--- Prompt ---
Print each of the records below, leaving every word as it is.

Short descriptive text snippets
::::
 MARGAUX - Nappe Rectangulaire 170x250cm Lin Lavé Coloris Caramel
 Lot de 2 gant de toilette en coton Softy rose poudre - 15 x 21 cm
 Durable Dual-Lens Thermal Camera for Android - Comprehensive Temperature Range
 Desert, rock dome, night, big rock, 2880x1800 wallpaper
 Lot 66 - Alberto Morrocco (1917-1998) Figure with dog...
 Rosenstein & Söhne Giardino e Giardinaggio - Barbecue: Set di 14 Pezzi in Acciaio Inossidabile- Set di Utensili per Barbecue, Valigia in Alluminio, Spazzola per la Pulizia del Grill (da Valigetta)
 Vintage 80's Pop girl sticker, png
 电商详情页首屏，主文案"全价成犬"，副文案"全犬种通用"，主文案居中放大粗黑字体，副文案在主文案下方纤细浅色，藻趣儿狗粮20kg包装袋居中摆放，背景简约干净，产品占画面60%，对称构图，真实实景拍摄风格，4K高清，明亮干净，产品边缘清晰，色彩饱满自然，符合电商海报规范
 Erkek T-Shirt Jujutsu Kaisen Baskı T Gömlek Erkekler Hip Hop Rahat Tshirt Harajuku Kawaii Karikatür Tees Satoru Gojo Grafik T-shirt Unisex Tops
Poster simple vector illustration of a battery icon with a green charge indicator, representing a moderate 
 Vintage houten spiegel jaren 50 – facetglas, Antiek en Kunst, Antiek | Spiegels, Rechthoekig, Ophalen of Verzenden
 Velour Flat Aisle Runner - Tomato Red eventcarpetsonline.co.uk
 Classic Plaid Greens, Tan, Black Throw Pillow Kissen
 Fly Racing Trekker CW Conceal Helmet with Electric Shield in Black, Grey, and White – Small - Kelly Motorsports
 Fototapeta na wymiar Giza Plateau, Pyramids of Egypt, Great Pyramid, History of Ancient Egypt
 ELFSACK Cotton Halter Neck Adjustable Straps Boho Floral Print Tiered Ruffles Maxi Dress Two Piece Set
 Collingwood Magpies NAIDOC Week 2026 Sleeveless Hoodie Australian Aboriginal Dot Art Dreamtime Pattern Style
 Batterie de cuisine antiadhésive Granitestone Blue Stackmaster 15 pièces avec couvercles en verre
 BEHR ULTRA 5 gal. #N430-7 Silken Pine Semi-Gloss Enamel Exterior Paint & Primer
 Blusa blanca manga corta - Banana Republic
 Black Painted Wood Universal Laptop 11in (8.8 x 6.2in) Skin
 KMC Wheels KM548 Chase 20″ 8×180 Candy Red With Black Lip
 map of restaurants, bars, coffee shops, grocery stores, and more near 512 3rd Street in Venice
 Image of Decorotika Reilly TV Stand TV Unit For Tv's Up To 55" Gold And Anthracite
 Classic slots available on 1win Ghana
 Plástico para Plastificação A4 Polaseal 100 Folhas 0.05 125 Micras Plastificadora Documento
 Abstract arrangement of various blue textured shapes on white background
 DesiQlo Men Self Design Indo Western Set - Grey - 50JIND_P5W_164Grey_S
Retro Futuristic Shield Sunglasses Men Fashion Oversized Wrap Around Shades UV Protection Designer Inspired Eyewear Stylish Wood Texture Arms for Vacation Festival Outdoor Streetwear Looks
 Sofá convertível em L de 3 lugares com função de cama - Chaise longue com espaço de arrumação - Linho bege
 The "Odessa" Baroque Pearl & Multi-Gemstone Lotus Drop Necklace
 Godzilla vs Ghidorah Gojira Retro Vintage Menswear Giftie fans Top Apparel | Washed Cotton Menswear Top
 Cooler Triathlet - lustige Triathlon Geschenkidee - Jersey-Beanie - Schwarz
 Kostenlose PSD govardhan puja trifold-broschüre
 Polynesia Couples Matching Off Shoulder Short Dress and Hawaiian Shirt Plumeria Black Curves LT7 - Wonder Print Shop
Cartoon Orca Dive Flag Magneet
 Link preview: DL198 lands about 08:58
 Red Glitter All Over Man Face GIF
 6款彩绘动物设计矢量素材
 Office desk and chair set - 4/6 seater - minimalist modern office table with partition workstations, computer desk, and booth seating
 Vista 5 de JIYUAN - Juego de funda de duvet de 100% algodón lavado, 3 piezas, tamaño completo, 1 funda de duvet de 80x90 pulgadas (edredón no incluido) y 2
::::
--- Reply ---
 MARGAUX - Nappe Rectangulaire 170x250cm Lin Lavé Coloris Caramel
 Lot de 2 gant de toilette en coton Softy rose poudre - 15 x 21 cm
 Durable Dual-Lens Thermal Camera for Android - Comprehensive Temperature Range
 Desert, rock dome, night, big rock, 2880x1800 wallpaper
 Lot 66 - Alberto Morrocco (1917-1998) Figure with dog...
 Rosenstein & Söhne Giardino e Giardinaggio - Barbecue: Set di 14 Pezzi in Acciaio Inossidabile- Set di Utensili per Barbecue, Valigia in Alluminio, Spazzola per la Pulizia del Grill (da Valigetta)
 Vintage 80's Pop girl sticker, png
 电商详情页首屏，主文案"全价成犬"，副文案"全犬种通用"，主文案居中放大粗黑字体，副文案在主文案下方纤细浅色，藻趣儿狗粮20kg包装袋居中摆放，背景简约干净，产品占画面60%，对称构图，真实实景拍摄风格，4K高清，明亮干净，产品边缘清晰，色彩饱满自然，符合电商海报规范
 Erkek T-Shirt Jujutsu Kaisen Baskı T Gömlek Erkekler Hip Hop Rahat Tshirt Harajuku Kawaii Karikatür Tees Satoru Gojo Grafik T-shirt Unisex Tops
Poster simple vector illustration of a battery icon with a green charge indicator, representing a moderate 
 Vintage houten spiegel jaren 50 – facetglas, Antiek en Kunst, Antiek | Spiegels, Rechthoekig, Ophalen of Verzenden
 Velour Flat Aisle Runner - Tomato Red eventcarpetsonline.co.uk
 Classic Plaid Greens, Tan, Black Throw Pillow Kissen
 Fly Racing Trekker CW Conceal Helmet with Electric Shield in Black, Grey, and White – Small - Kelly Motorsports
 Fototapeta na wymiar Giza Plateau, Pyramids of Egypt, Great Pyramid, History of Ancient Egypt
 ELFSACK Cotton Halter Neck Adjustable Straps Boho Floral Print Tiered Ruffles Maxi Dress Two Piece Set
 Collingwood Magpies NAIDOC Week 2026 Sleeveless Hoodie Australian Aboriginal Dot Art Dreamtime Pattern Style
 Batterie de cuisine antiadhésive Granitestone Blue Stackmaster 15 pièces avec couvercles en verre
 BEHR ULTRA 5 gal. #N430-7 Silken Pine Semi-Gloss Enamel Exterior Paint & Primer
 Blusa blanca manga corta - Banana Republic
 Black Painted Wood Universal Laptop 11in (8.8 x 6.2in) Skin
 KMC Wheels KM548 Chase 20″ 8×180 Candy Red With Black Lip
 map of restaurants, bars, coffee shops, grocery stores, and more near 512 3rd Street in Venice
 Image of Decorotika Reilly TV Stand TV Unit For Tv's Up To 55" Gold And Anthracite
 Classic slots available on 1win Ghana
 Plástico para Plastificação A4 Polaseal 100 Folhas 0.05 125 Micras Plastificadora Documento
 Abstract arrangement of various blue textured shapes on white background
 DesiQlo Men Self Design Indo Western Set - Grey - 50JIND_P5W_164Grey_S
Retro Futuristic Shield Sunglasses Men Fashion Oversized Wrap Around Shades UV Protection Designer Inspired Eyewear Stylish Wood Texture Arms for Vacation Festival Outdoor Streetwear Looks
 Sofá convertível em L de 3 lugares com função de cama - Chaise longue com espaço de arrumação - Linho bege
 The "Odessa" Baroque Pearl & Multi-Gemstone Lotus Drop Necklace
 Godzilla vs Ghidorah Gojira Retro Vintage Menswear Giftie fans Top Apparel | Washed Cotton Menswear Top
 Cooler Triathlet - lustige Triathlon Geschenkidee - Jersey-Beanie - Schwarz
 Kostenlose PSD govardhan puja trifold-broschüre
 Polynesia Couples Matching Off Shoulder Short Dress and Hawaiian Shirt Plumeria Black Curves LT7 - Wonder Print Shop
Cartoon Orca Dive Flag Magneet
 Link preview: DL198 lands about 08:58
 Red Glitter All Over Man Face GIF
 6款彩绘动物设计矢量素材
 Office desk and chair set - 4/6 seater - minimalist modern office table with partition workstations, computer desk, and booth seating
 Vista 5 de JIYUAN - Juego de funda de duvet de 100% algodón lavado, 3 piezas, tamaño completo, 1 funda de duvet de 80x90 pulgadas (edredón no incluido) y 2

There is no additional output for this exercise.